Media landscape is changing fast
By Kate Bulkley
For Broadcast April 18, 2018
Sir Martin Sorrell has left WPP and Facebook is under fire. What’s next? asks Kate Bulkley
The lyrics to What A Difference A Day Makes are running through my head as I contemplate the media landscape minus Sir Martin Sorrell.
The WPP boss may be smallish in stature, but he is a huge presence in adland and beyond. He has set the media landscape agenda for literally decades: remember the bath-shaped recession curve? That was Sir Martin. The L-shaped curve? Him again.
His shock resignation over the weekend after 33 years at the helm of WPP came in the wake of allegations of personal misconduct.
An internal investigation is ongoing, and the likes of Adam Crozier and Jeremy Darroch have been linked to the vacant post.
In an age where global digital platforms are reshaping the media business from advertising to commissioning content to subscriptions, the question is: what’s next?
Sir Martin tweaked the WPP formula recently through something he terms ‘horizontality’. This means cross-selling agencies within WPP to give clients better value. With many moving for scale and consolidation, the concept sounds a bit left field, but then Sorrell likes to think ahead of the curve.
Beyond the ongoing consolidation of major entertainment and TV companies, there is another big reckoning occurring in media; one that has the potential to re-set the business models of the big data-gathering tech companies.
The poster child is Facebook, whose chief executive Mark Zuckerberg has been under fire in the wake of alleged data misuse by UK firm Cambridge Analytica. The implications of how the FAANG firms are perceived by customers and regulated by governments go beyond the social media giant, however.
“I’m not sure that Facebook will actually reform its business model to protect users’ data to the extent that many of us might like”
For those of us braving the rain in Cannes last week at Mip TV, Zuckerberg’s grilling in Congress was counter-balanced by a presentation by Facebook head of content strategy and planning Matthew Henick, who talked about a “new era of social entertainment”.
Here, social is the driver, and conventional windowing strategies will die a death as content gets to consumers via a ‘funnel’ that starts with ad-supported VoD, moves through SVoD, and ends with IRLs (‘In real life experiences’ – yes, they do still exist).

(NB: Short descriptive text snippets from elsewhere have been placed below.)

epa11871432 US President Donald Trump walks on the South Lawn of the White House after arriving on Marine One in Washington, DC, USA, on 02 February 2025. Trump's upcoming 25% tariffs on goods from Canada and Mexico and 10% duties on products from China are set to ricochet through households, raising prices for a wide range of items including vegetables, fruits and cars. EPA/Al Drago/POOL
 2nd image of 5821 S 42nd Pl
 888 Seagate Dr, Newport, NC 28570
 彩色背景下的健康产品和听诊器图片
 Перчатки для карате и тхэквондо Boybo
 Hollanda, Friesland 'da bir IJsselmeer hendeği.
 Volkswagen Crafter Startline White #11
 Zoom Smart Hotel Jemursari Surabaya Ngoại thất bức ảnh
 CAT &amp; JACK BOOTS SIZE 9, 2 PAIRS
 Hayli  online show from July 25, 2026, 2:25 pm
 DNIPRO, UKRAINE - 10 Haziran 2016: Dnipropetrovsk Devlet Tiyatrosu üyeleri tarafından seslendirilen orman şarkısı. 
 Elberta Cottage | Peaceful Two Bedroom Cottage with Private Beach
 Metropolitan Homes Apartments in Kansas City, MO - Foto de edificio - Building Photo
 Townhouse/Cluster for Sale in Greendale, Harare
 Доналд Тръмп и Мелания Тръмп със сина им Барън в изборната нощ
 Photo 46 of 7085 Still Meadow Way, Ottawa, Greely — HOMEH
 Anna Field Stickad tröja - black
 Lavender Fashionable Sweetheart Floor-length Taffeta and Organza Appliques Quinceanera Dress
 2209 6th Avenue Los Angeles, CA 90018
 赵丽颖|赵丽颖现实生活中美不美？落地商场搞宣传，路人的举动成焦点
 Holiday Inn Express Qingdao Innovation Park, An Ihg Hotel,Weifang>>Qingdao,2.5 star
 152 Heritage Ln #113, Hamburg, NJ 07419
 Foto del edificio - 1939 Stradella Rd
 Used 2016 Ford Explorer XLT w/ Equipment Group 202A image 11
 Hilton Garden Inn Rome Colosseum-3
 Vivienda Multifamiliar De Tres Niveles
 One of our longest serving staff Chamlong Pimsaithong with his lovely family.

Henick told us that TV is a “window”, while mobile is social and that the social and inter active part makes IP more valuable. He pointed to Skam, the Norwegian teen drama that Facebook has purchased to repurpose for its own platform.
Thankfully for those in the content creation business, Henick believes that a “compelling story” is still key. But for Facebook, while the story is the “video spine” of the experience, it’s the interactions with the audience (the “second script”) that make the content compelling.
Make no mistake, this is not the Netflix model, which Henick says is passive viewing of TV-like content. The brave new Facebook video world is all about lean-forward, social entertainment.
Henick believes this is the new normal. He may be right – but only partly.
There are other ways to engage audiences: one example from Mip TV was a multi-territory scripted project called The Net, in which the perceived hero in one country may turn out to be the villain in another – a twist on multi-viewpoint drama.
It’s been an interesting period, with Mip TV offering clues as to the next attention-getting content, to Facebook’s public mea culpa and the end of Sir Martin. I’ll miss the latter’s metaphors on the economy and the media business.
Meanwhile, I’m not sure that Facebook will actually reform its business model to protect users’ data to the extent that many of us might like. The age of social entertainment may be coming, but I think it will remain a subset to those who want to be delivered a fully formed story.
Only tomorrow will tell – and that’s 24 hours away.